1.1 Anabaptist theology: ordinary and academic
Although a few early Anabaptist leaders had formal theological training, academic theology is a relatively recent development in the tradition’s history. Persecution and theologies of separation from ‘the world’ combined to ensure that Anabaptists rarely had access (or took advantage of access) to higher education prior to the twentieth century. The notable exception to this pattern is Mennonites in the Netherlands who were mostly tolerated from the late sixteenth century and founded a seminary in 1735. By the 1800s, this group was engaging in academic theology largely along then-dominant liberal Protestant lines. North American Mennonites began to create institutions of higher education from the late nineteenth century, typically as theologically conservative Bible schools. It was only in the decades after the Second World War that Anabaptist theologians began to be recognized as significant contributors to academic discussions. Today there are also Anabaptist colleges and other educational centres in Africa, Asia, and Latin America. Even so, the vast majority of Anabaptist communities – even ones with higher education institutions – remain isolated from mainstream academic theology.
The relatively late blossoming of Anabaptist academic theology, and the fact that most Anabaptists have had little to do with it, creates a methodological conundrum for any attempt to survey ‘Anabaptist theology’. Most Anabaptist theology occurs in ordinary faith communities in the form of sermons, Bible studies, and conversations among believers. In terms of written theological materials, there is a wealth of historic devotional and catechetical manuals, hymnals, confessions, and short treatises. The Martyrs Mirror, a seventeenth-century collection of Anabaptist and other Christian martyr stories, has served alongside the Bible as the basic theological text for many Anabaptists. Representing ‘Anabaptist theology’ through a synthesis of key texts by early leaders and modern academics offers only an approximation at best.
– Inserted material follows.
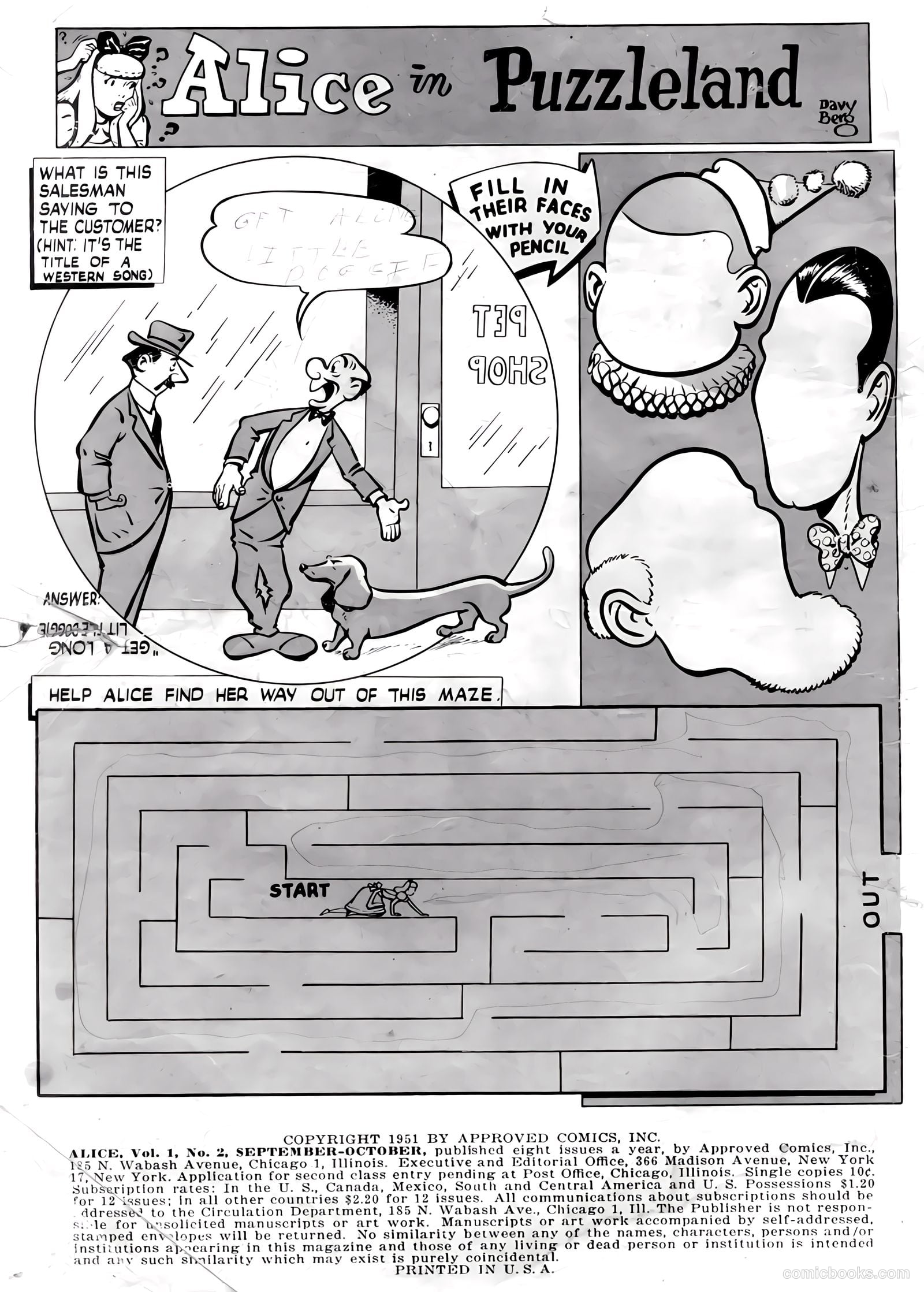 Alice #2 (1951) — page 2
There is, however, no easy way to draw together all the disparate sources that comprise the dataset of Anabaptist theology. The most common approach remains that of focusing on canonical sixteenth- and twentieth-century writings. While there are questionable historiographic assumptions underlying this approach, this brief encyclopaedia article is not the place to redress the neglect of Anabaptist theologies developed between, for instance, Menno Simon’s death in 1561 and the publication of Harold Bender’s ‘The Anabaptist Vision’ in 1944. Nor is it the place to resolve completely the predominant influence that the latter text – a product of a distinctly US-based, Swiss-German Mennonite perspective – has had in defining Anabaptist theology (though more on this topic below), or to produce a fully revised portrait of the subject that does justice to the contributions of women and people of colour. Scholars will lack an adequate portrait of Anabaptist theology until these topics are addressed thoroughly. While this introductory text attempts to incorporate a diversity of Anabaptist voices and to honour the ‘ordinary’ (non-academic) character of most Anabaptist theology, at this point it remains reliant on existing scholarship and all its limitations.
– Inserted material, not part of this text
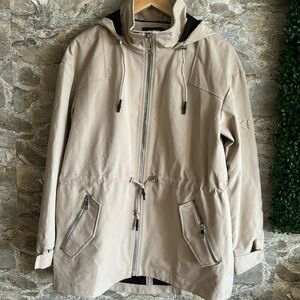 DKNY Hooded Anorak Jacket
1.2 Locating Anabaptist theology in time and place
The dominant picture of Anabaptism that has persisted since the sixteenth century in Catholic and Protestant polemic portrays Anabaptists as dangerous radicals seeking to overthrow the social order. The term ‘Anabaptist’, meaning ‘re-baptizer’, was applied to the sixteenth-century believers’ baptizing movements in order to label their participants as heretical criminals. (Catholic authorities invoked the prohibition of rebaptism contained in the sixth-century Justinian Code, which identified the act as a violation of the Church’s doctrine punishable by death.) Over the course of the sixteenth century, this legal designation morphed into a religious category that was at times accepted by those to whom it was applied (Monge 2008), even if they often used other terms for themselves (Brethren, the Baptism-Minded, etc.). For many Catholic and Protestant authorities, the theological and political character of Anabaptism was most clearly disclosed in Thomas Müntzer’s revolutionary preaching during the German Peasants’ War of the early 1520s, which they saw as bearing fruit in the disastrous Anabaptist Kingdom of Münster (1534–1535), where prophetic leaders violently enforced polygamy and economic sharing.
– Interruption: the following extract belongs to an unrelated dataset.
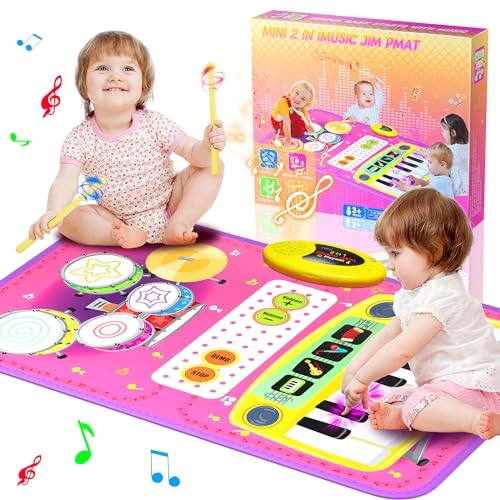 Oripira 2in1 Musical Mat Musical Toy - 1 2 3 4 5 years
Although this older view of Anabaptists as fanatics can still be found in the work of some contemporary Catholic and Protestant theologians (Härle 2015: 434–435), within the academic field of Christian theology and ethics the image has largely been reversed thanks to Harold S. Bender and his student John Howard Yoder, and to their many ‘neo-Anabaptist’ followers. Bender’s influential ‘The Anabaptist Vision’ draws a ‘clear line of demarcation’ (1944: 11) between the sixteenth-century apocalyptic, revolutionary movements and the purportedly sober, pacifistic humanists who broke from Ulrich Zwingli’s reformation of Zurich in 1525 to remain faithful to their reading of the Bible. Bender, an entrepreneurial leader of US Mennonites, saw his Swiss-German ancestors as the true founders of Anabaptism and articulated their vision in terms of voluntary discipleship, disciplined community, and an ethic of nonresistant love. Yoder accepted Bender’s theological and historical claims, but rejected what he regarded as his teacher’s tacit equation between them and a nascent Mennonite institutional infrastructure. Rather, Yoder pushed for more radical adherence to ‘the politics of Jesus’ recovered by the original Anabaptists (1970). Through Yoder and his disciples – above all Stanley Hauerwas – the ‘The Anabaptist Vision’ version of Anabaptism began to replace the older understanding within the ecumenical academy. The resulting tendency to take Yoder’s thought as representative of Anabaptist theology has never been entirely accepted by other Anabaptist theologians (Friesen 2000: 64–88; Reimer 2001), and has come under increasing scrutiny in light of a 2015 publication detailing Yoder’s repeated acts of sexual violence over the course of his career (Goossen 2015; Schmidt Roberts, Martens, and Penner 2020; Soto and Stephens 2020).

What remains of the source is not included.